### Data shown
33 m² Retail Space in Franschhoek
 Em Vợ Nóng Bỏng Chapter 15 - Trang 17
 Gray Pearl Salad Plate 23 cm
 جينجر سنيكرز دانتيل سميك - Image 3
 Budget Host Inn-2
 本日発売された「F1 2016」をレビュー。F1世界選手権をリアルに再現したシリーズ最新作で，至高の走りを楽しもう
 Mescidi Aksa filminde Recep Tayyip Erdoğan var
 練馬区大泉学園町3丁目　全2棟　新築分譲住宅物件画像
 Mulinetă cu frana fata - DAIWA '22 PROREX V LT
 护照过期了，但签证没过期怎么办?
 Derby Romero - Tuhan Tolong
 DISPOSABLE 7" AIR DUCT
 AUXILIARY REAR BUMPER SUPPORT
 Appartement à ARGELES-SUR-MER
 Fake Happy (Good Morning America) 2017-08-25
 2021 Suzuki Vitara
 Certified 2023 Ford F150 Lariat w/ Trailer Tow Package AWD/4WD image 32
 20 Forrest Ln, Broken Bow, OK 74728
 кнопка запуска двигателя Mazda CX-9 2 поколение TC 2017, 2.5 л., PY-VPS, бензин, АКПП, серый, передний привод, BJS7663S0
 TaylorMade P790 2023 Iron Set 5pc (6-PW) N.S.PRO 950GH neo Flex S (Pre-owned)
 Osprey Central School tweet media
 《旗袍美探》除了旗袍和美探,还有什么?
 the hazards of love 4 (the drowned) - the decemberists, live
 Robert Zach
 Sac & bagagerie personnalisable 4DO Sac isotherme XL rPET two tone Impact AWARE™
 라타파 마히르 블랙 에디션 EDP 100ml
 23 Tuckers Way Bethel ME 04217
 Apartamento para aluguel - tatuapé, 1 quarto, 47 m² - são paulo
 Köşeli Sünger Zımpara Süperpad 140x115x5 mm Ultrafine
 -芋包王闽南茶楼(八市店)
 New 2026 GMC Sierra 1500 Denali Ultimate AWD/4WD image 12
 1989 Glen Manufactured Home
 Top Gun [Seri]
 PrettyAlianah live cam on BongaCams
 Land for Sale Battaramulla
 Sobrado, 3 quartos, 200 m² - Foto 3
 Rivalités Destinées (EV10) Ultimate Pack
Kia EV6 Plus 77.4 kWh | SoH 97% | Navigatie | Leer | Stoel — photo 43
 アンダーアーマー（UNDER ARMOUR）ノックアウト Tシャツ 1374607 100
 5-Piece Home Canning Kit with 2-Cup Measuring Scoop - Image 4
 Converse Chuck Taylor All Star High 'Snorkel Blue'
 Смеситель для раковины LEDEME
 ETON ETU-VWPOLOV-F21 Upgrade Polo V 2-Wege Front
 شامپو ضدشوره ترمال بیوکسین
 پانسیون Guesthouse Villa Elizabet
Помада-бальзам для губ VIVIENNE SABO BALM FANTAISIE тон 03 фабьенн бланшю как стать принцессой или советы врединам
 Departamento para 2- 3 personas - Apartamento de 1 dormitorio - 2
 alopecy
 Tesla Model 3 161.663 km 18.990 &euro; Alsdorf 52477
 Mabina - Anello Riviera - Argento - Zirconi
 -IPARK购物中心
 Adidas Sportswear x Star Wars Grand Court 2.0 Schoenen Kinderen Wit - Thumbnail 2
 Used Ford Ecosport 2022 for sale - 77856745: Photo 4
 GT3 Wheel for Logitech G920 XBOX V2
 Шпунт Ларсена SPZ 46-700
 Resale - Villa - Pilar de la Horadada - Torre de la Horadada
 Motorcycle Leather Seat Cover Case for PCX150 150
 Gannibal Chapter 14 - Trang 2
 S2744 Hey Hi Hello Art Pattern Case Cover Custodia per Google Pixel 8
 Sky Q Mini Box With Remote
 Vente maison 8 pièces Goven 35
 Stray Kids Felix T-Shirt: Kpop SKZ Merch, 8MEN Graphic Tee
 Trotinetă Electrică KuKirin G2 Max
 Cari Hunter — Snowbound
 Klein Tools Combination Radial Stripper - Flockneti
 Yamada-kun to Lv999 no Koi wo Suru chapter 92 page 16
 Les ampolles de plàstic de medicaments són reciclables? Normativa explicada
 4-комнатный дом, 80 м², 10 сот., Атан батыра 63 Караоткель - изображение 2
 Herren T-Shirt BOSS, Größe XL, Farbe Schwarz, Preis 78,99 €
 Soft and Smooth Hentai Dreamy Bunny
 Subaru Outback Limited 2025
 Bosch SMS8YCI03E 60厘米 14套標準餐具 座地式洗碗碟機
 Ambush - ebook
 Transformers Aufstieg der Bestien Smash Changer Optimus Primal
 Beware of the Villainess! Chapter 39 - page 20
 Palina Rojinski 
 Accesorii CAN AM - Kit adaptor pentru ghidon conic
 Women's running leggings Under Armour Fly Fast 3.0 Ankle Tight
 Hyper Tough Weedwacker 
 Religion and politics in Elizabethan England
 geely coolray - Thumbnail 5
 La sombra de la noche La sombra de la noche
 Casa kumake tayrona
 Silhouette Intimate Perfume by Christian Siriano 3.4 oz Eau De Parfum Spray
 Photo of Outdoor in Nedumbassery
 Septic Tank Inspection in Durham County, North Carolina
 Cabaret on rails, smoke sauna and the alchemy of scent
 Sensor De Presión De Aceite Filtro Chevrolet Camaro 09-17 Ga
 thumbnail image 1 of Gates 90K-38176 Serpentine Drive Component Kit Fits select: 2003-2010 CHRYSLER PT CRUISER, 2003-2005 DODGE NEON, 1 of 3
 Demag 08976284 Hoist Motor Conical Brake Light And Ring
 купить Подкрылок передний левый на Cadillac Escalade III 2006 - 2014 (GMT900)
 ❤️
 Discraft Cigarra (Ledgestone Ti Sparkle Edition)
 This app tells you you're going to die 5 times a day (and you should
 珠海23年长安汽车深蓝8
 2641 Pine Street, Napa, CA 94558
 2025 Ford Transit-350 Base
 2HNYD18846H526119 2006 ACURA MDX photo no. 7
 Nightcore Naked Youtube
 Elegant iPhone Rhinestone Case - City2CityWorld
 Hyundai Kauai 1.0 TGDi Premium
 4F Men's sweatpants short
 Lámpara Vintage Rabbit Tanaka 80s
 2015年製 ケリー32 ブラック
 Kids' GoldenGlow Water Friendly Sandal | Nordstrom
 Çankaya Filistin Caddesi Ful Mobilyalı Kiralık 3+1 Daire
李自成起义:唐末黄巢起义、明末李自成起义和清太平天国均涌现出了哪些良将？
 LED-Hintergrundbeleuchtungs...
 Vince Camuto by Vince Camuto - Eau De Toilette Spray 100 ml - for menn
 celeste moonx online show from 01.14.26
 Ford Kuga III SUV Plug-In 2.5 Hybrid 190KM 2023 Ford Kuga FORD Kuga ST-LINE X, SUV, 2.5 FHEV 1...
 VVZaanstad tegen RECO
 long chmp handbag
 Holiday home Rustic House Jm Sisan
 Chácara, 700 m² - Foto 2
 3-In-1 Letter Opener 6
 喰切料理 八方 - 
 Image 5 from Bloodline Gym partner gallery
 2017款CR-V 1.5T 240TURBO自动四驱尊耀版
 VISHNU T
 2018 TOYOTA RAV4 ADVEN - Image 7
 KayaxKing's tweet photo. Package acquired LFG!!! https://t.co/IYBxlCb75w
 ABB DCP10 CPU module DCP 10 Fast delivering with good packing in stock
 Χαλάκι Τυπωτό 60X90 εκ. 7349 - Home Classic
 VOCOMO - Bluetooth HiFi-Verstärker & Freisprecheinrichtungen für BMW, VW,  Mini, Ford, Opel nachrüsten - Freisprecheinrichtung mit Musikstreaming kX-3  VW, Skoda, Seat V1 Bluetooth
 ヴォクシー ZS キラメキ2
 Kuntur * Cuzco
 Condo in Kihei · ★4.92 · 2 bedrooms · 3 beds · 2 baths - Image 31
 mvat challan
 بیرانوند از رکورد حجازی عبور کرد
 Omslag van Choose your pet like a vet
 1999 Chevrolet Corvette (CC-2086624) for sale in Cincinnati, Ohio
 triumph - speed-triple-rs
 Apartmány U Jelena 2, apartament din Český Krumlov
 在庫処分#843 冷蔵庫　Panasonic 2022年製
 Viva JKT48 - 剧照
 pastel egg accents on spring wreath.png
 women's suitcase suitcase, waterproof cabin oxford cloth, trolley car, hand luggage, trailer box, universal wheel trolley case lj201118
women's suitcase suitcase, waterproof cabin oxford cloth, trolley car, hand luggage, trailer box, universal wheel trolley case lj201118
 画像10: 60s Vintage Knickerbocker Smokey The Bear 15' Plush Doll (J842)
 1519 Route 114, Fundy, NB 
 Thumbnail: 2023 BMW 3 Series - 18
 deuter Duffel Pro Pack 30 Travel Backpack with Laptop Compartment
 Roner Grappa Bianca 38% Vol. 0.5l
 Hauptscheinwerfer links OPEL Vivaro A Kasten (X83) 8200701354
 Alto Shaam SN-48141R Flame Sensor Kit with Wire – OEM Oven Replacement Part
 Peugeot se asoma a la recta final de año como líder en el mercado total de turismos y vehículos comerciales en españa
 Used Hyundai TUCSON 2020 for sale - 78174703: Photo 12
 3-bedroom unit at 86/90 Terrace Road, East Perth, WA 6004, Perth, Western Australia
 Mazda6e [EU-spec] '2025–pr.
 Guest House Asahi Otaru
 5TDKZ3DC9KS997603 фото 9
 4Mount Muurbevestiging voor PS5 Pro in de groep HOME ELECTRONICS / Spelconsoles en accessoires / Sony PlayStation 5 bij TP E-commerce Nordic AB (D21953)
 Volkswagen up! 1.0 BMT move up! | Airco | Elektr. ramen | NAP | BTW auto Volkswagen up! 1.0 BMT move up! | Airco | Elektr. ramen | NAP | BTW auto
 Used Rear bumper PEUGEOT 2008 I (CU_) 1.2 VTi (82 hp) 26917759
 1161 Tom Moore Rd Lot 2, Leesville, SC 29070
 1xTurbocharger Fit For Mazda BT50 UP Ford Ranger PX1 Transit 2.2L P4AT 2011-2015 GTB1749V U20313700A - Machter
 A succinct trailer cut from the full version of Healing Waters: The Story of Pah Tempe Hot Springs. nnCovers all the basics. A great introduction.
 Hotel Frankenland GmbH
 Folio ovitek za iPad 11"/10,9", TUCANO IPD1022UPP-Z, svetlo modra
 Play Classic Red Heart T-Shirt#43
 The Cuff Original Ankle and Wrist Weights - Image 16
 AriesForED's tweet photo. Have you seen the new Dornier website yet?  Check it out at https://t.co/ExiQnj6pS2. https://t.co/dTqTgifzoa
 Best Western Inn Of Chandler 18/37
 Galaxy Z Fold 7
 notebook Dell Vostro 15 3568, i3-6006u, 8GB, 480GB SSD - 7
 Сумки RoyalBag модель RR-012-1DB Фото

### Activity
Beginning with the line that has "本日発売された「F1 201" and ending with the line that has "Resale - Villa", set down the lines above exactly and include no others.

### Written response
 本日発売された「F1 2016」をレビュー。F1世界選手権をリアルに再現したシリーズ最新作で，至高の走りを楽しもう
 Mescidi Aksa filminde Recep Tayyip Erdoğan var
 練馬区大泉学園町3丁目　全2棟　新築分譲住宅物件画像
 Mulinetă cu frana fata - DAIWA '22 PROREX V LT
 护照过期了，但签证没过期怎么办?
 Derby Romero - Tuhan Tolong
 DISPOSABLE 7" AIR DUCT
 AUXILIARY REAR BUMPER SUPPORT
 Appartement à ARGELES-SUR-MER
 Fake Happy (Good Morning America) 2017-08-25
 2021 Suzuki Vitara
 Certified 2023 Ford F150 Lariat w/ Trailer Tow Package AWD/4WD image 32
 20 Forrest Ln, Broken Bow, OK 74728
 кнопка запуска двигателя Mazda CX-9 2 поколение TC 2017, 2.5 л., PY-VPS, бензин, АКПП, серый, передний привод, BJS7663S0
 TaylorMade P790 2023 Iron Set 5pc (6-PW) N.S.PRO 950GH neo Flex S (Pre-owned)
 Osprey Central School tweet media
 《旗袍美探》除了旗袍和美探,还有什么?
 the hazards of love 4 (the drowned) - the decemberists, live
 Robert Zach
 Sac & bagagerie personnalisable 4DO Sac isotherme XL rPET two tone Impact AWARE™
 라타파 마히르 블랙 에디션 EDP 100ml
 23 Tuckers Way Bethel ME 04217
 Apartamento para aluguel - tatuapé, 1 quarto, 47 m² - são paulo
 Köşeli Sünger Zımpara Süperpad 140x115x5 mm Ultrafine
 -芋包王闽南茶楼(八市店)
 New 2026 GMC Sierra 1500 Denali Ultimate AWD/4WD image 12
 1989 Glen Manufactured Home
 Top Gun [Seri]
 PrettyAlianah live cam on BongaCams
 Land for Sale Battaramulla
 Sobrado, 3 quartos, 200 m² - Foto 3
 Rivalités Destinées (EV10) Ultimate Pack
Kia EV6 Plus 77.4 kWh | SoH 97% | Navigatie | Leer | Stoel — photo 43
 アンダーアーマー（UNDER ARMOUR）ノックアウト Tシャツ 1374607 100
 5-Piece Home Canning Kit with 2-Cup Measuring Scoop - Image 4
 Converse Chuck Taylor All Star High 'Snorkel Blue'
 Смеситель для раковины LEDEME
 ETON ETU-VWPOLOV-F21 Upgrade Polo V 2-Wege Front
 شامپو ضدشوره ترمال بیوکسین
 پانسیون Guesthouse Villa Elizabet
Помада-бальзам для губ VIVIENNE SABO BALM FANTAISIE тон 03 фабьенн бланшю как стать принцессой или советы врединам
 Departamento para 2- 3 personas - Apartamento de 1 dormitorio - 2
 alopecy
 Tesla Model 3 161.663 km 18.990 &euro; Alsdorf 52477
 Mabina - Anello Riviera - Argento - Zirconi
 -IPARK购物中心
 Adidas Sportswear x Star Wars Grand Court 2.0 Schoenen Kinderen Wit - Thumbnail 2
 Used Ford Ecosport 2022 for sale - 77856745: Photo 4
 GT3 Wheel for Logitech G920 XBOX V2
 Шпунт Ларсена SPZ 46-700
 Resale - Villa - Pilar de la Horadada - Torre de la Horadada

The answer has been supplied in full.